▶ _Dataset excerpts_
----

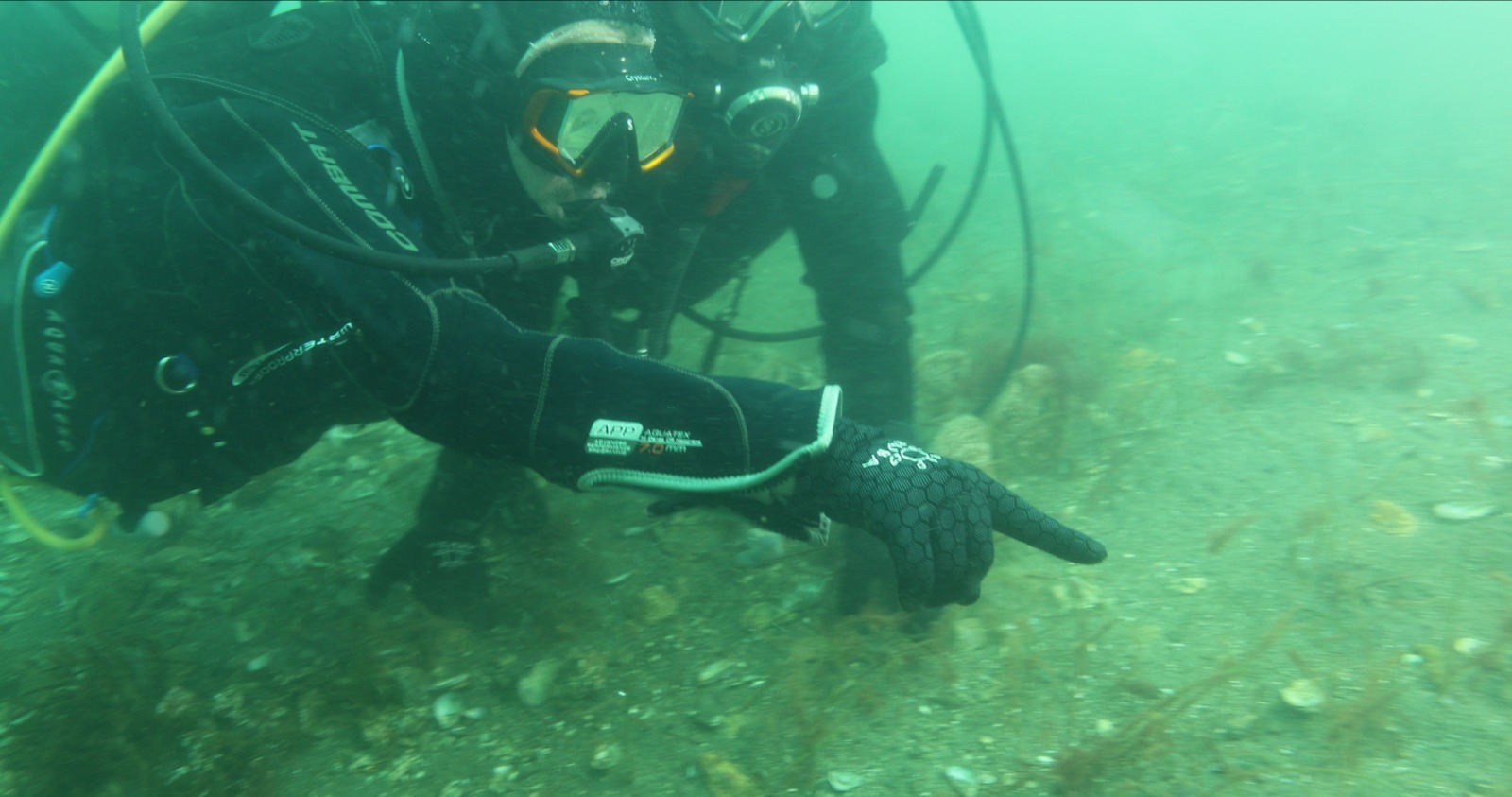 Whatsapp Image 2026 01 29 At 15.18.35 (1)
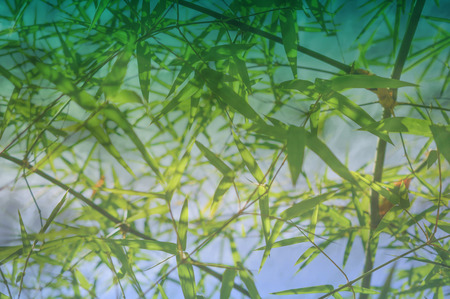 beautiful green leaf bamboo backgroundの写真素材
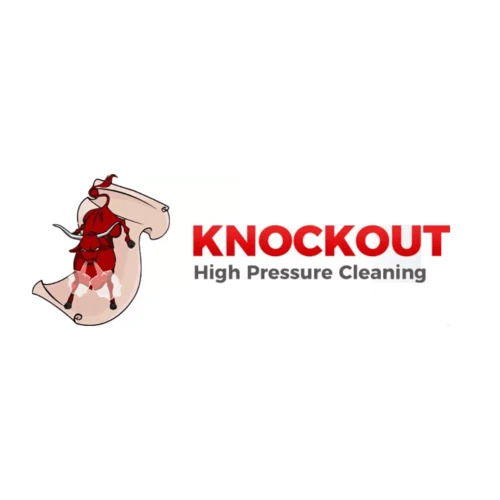 Knockout High Pressure Cleaning 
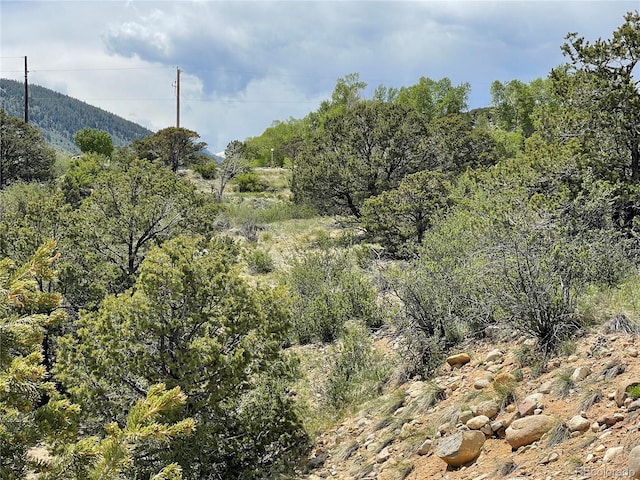 16115 Rocky Mountain Rd, Salida, CO 81201 - photo 21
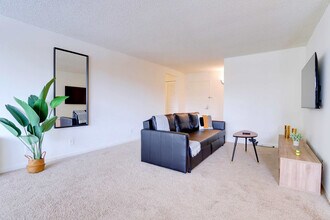 320 23rd St S in Arlington, VA - Foto de edificio - Building Photo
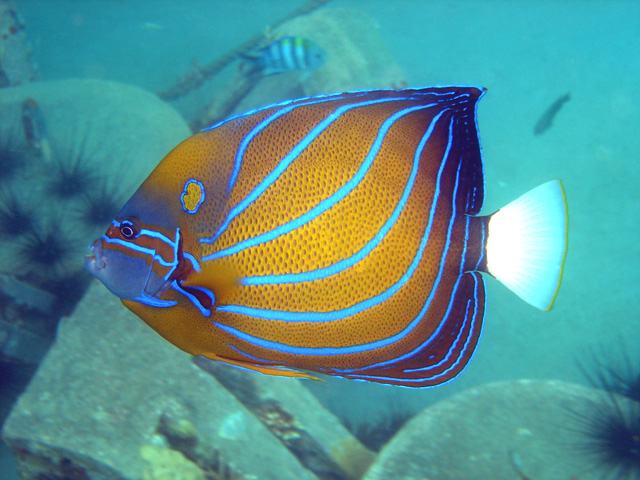 Blueringed angelfish (Pomacanthus annularis), Pulau Tioman, West Malaysia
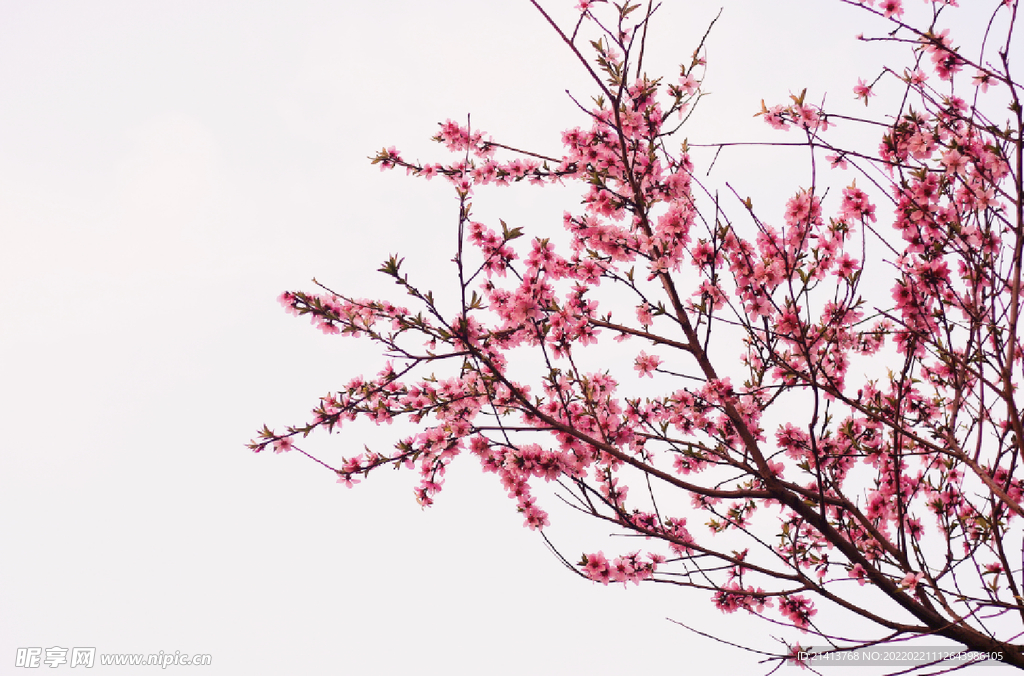 腊梅寒梅梅花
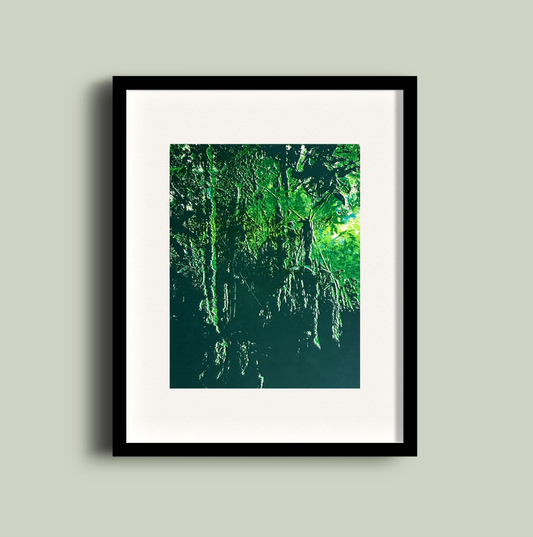 Mindo (Ecuador) I | Screen print | A3 size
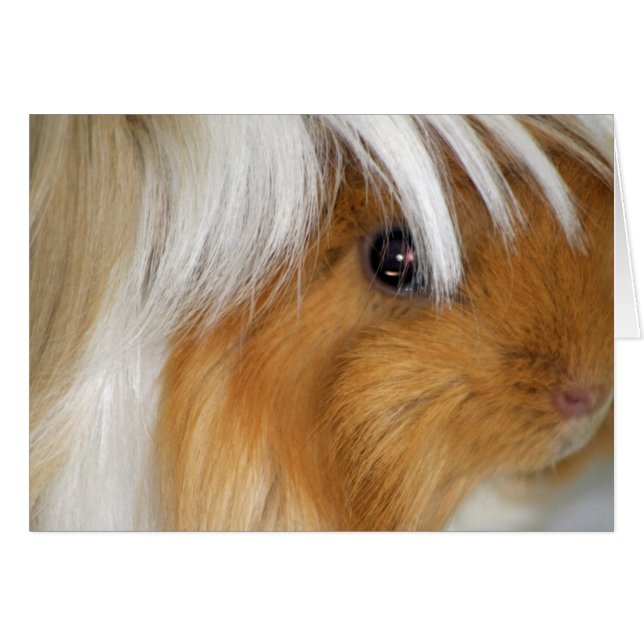 , Peruaans, Buff en White Guinea Pig Face (Voorkant Horizontaal)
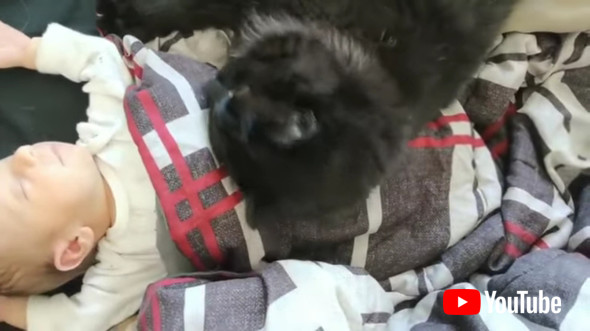 赤ちゃんが大好きな黒猫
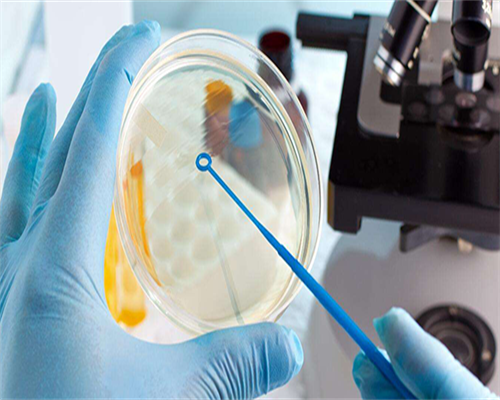 浙江供卵收费，浙江产假多少天2026？2026浙江产假最新规定？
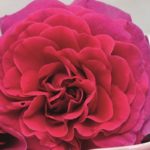 PURPLE VOLUPTIA ®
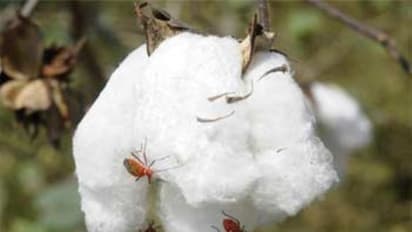 பருத்தி பயிர்களை தாக்கும் பூச்சிகளை அழிக்க இதோ பாதுகாப்பு நடவடிக்கைகள்...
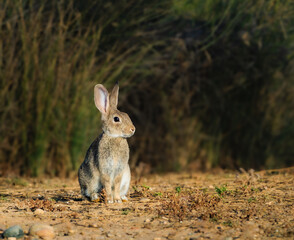 Common rabbit looking to its left (Oryctolagus cuniculus)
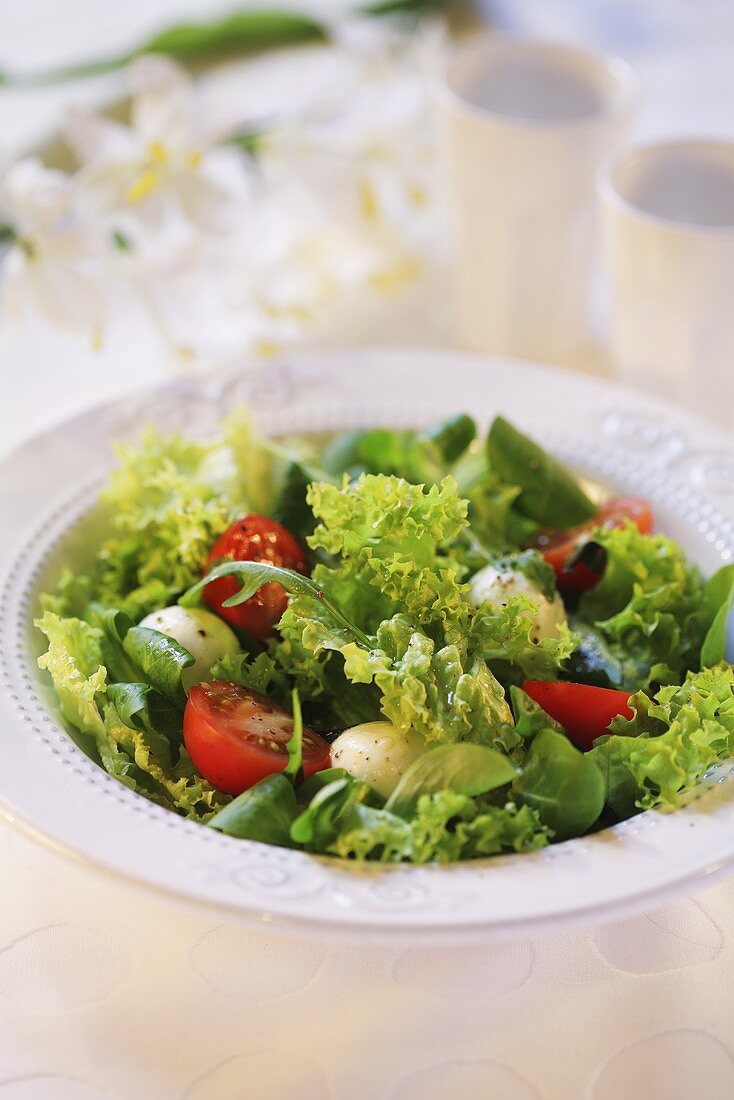 Green salad with tomatoes and mozzarella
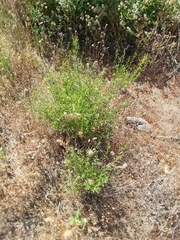 Solanum umbelliferum
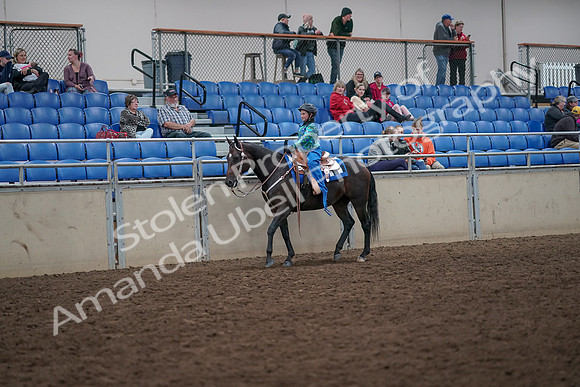 2019 Morgan Horse Show - Aug 31, 2019 - 16294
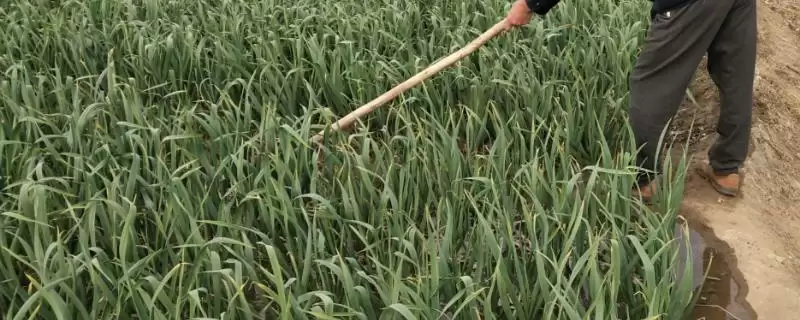 大蒜的肥料选择要点,大蒜用什么类型的肥料比较好-会东网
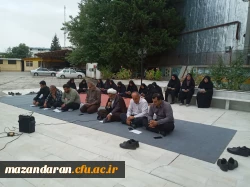 برپایی زیارت عاشورای حسینی در روز اول ماه محرم 3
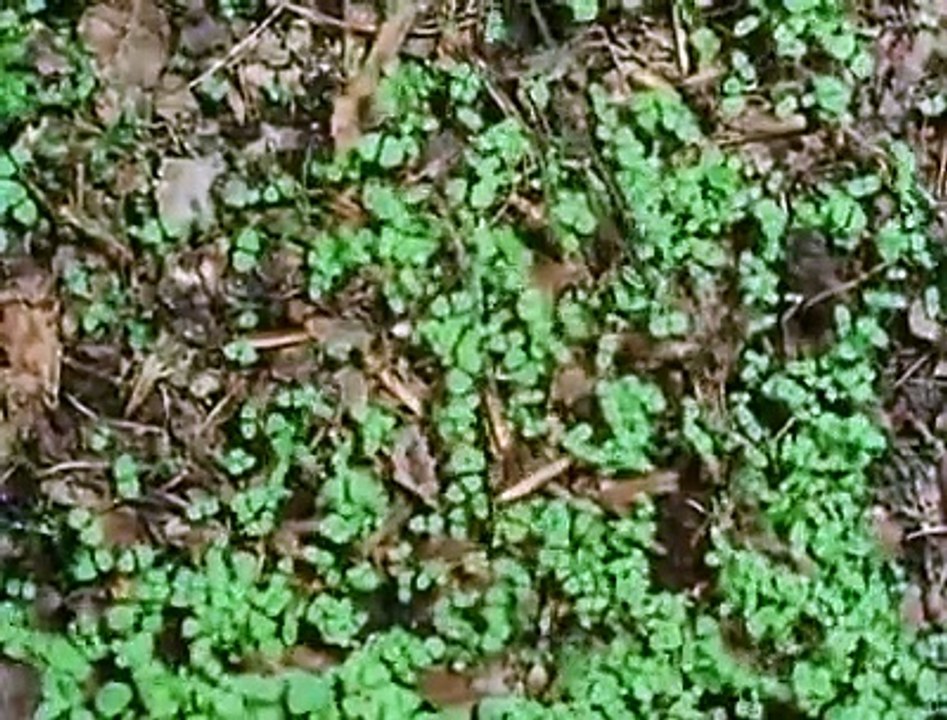 The Private Life of Plants - 04 - The Social Struggle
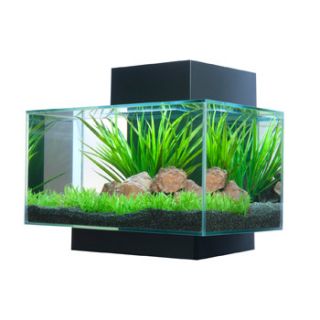 Home Fish Aquariums & Tanks Fluval Edge Aquarium Kit in Black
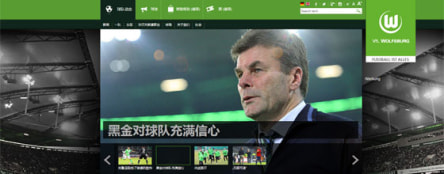 Chinesische VfL-Website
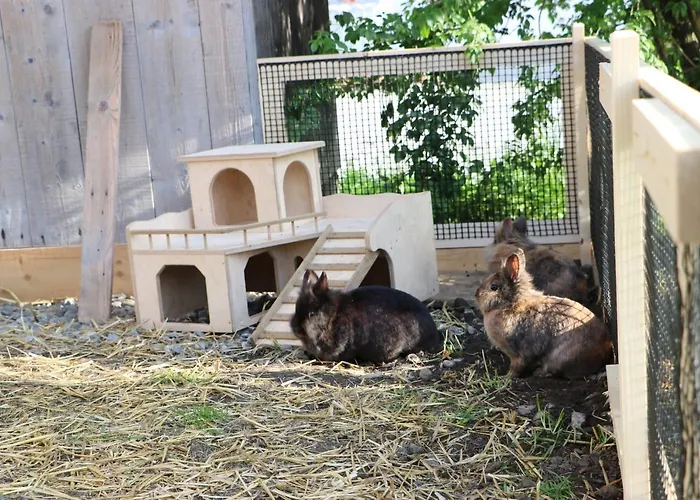 Ferienbauernhof Moosbrugger *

----

▶ _Work to be completed_
Your task is to reproduce exactly the lines running from the line that contains "برپایی زیارت عاشورای" to the end of the records, pictures excluded.

▶ _Written reply_
 برپایی زیارت عاشورای حسینی در روز اول ماه محرم 3
 The Private Life of Plants - 04 - The Social Struggle
 Home Fish Aquariums & Tanks Fluval Edge Aquarium Kit in Black
 Chinesische VfL-Website
 Ferienbauernhof Moosbrugger *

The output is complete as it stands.